Месть является продолжением враждебности, но в высшей форме. Допустим, между двумя крупными державами произошла ядерная война, и одна из держав её полностью проиграла — ей нанесли неприемлемый ущерб, тогда как другая отделалась относительно небольшими потерями. У проигравшей стороны — потеря половины населения, всех крупных городов, оборонного потенциала. Весьма вероятно, что в этом случае месть станет национальной идеей. Опыт истории показывает, что некоторые народы можно поставить на грань уничтожения, а они отвечают всё более агрессивными и опасными формами сопротивления. Например, та поддержка, которую получил Бен Ладен в Афганистане. В силу этого ядерная война не сделает мир более стабильным. Наоборот, она, возможно, создаст настолько непреодолимые противоречия, что мир станет ещё опаснее. Проигравшая сторона, вероятно, не откажется применить любую машину судного дня, потому что людям, потерявшим свои семьи, свою родину, нечего терять.
Победившая сторона должна в этом случае решиться либо на полное уничтожение, либо на оккупацию. Современные страны западной цивилизации не могут решиться на геноцид, потому что в этом случае им придётся утратить свою цивилизационную идентичность. Режим оккупации также плохо работает, потому что может превратиться в войну без конца. Технологично, хотя пока и фантастично, выглядит идея оккупации с помощью роботов, что, однако, равносильно превращению побеждённой страны в электронный концлагерь.

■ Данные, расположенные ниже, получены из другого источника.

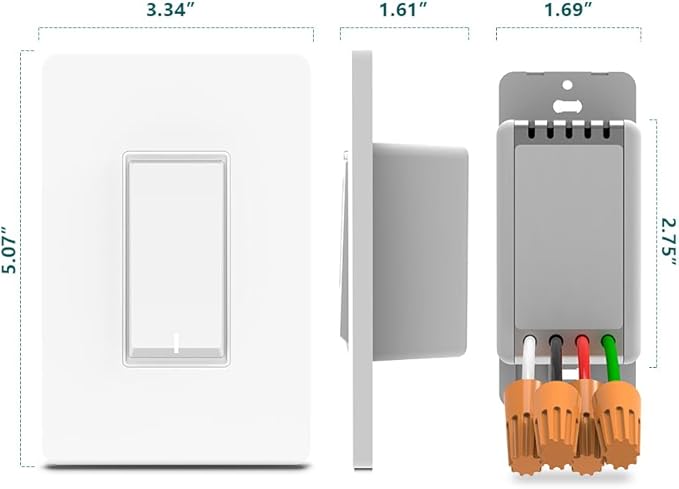 TREATLIFE Single Pole Smart Light Switch, Neutral Wire Required, 2.4GHz Wi-Fi Light Switch, Works with Alexa and Google Home, Schedule, Remote Control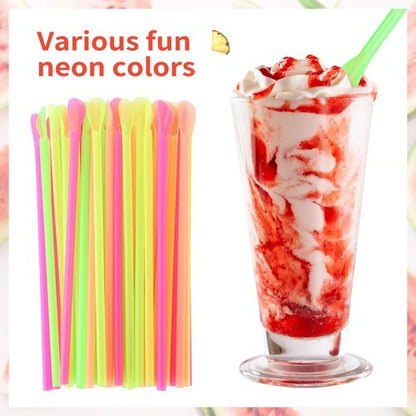 Eaasty 1000 Pcs Snow Cone Spoon Straws, Flexible Plastic Flexible Disposable Drinking Straws, Disposable Plastic Sip Stir Sticks (Yellow,Green,Orange,Rose Red)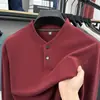 Sudadera Casual Cálida de Invierno para Hombre, Camiseta Base de Manga Larga, Camiseta Térmica de Doble Cara con Cuello Semi Alto para Hombre, Venta al por Mayor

Отмечу, что сейчас мы стоим на пороге абсолютно любых возможностей будущего. Это позволяет примиряться людям с очень разными картинами будущего. Однако в какой-то момент будет пройдена точка необратимости: какие-то варианты будущего приобретут более чёткие черты, а какие-то станут невозможными. Кому-то придётся признать, что души нет и что ИИ возможен, или наоборот. Это чревато конфликтами за картину будущего. За власть над будущим.